Watershed hydrology and salinity, but not nutrient chemistry, are associated with arid-land stream microbial diversity

Microbiota in streams drive many ecosystem functions, including whole-stream metabolism, nitrogen (N) cycling, and the production of basal resources that fuel stream food webs. Interactions between surface water and shallow, subsurface groundwater produce the oxygen and nutrient gradients that influence these microbially mediated biogeochemical functions. Microbial nutrient processing is often limited by nutrient availability, but we lack a clear understanding of the relationships between hydrology, water chemistry, microbial composition, and nutrient cycling. In this study we evaluated the prediction that the microbial (bacterial and archaeal) assemblage composition in surface and subsurface water (both within and among stream reaches) would be related to dissolved nutrient concentrations, surface-subsurface hydrologic connectivity, and reach-scale N cycling rates.
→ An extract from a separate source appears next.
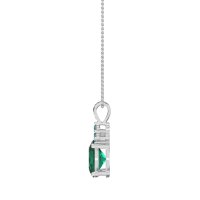 Three Stone Triangle and Oval Necklace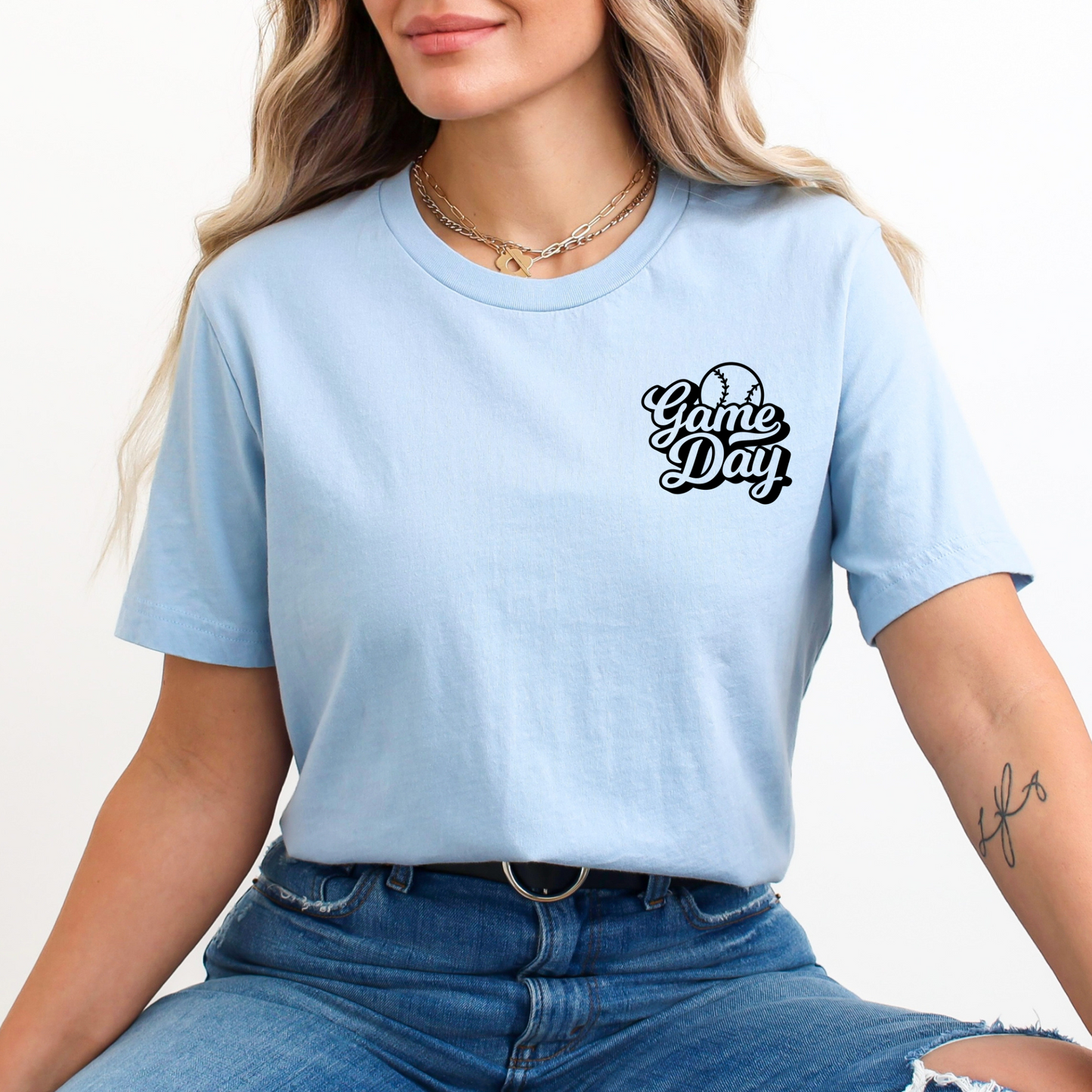 Pocket Baseball/Softball Game Day Unisex T-Shirt - Black, Royal, Baby Blue, Navy or Gray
To evaluate our predictions, we collected data on water chemistry, whole-stream hydrological connectivity, biogeochemical function, and surface and subsurface water microbial assemblage composition at 6 streams in the southwestern USA. We found no correlation between microbial assemblage composition and stream nutrient concentrations or cycling rates, but observed that subsurface waters in some streams had higher taxonomic richness than surface waters. Instead, differences in microbial assemblage composition among the study streams were correlated with both watershed size and stream water Br- concentrations. These results suggest that the longer, deeper groundwater flowpaths in larger watersheds, which promote solute accumulation, influence streamwater microbial assemblage composition. These contrasting streamwater microbial assemblages were associated with different reach-scale sinks for N immobilization (fine benthic organic matter versus filamentous algae). Overall, results suggest that the catchment-scale history of water movement, and salinity, may affect both microbial diversity and the fate of N. The mechanisms by which stream microbial diversity influences ecosystem function require more attention. In particular, we need a better understanding of how microbial biogeography is influenced by the spatiotemporal heterogeneity of stream ecosystems.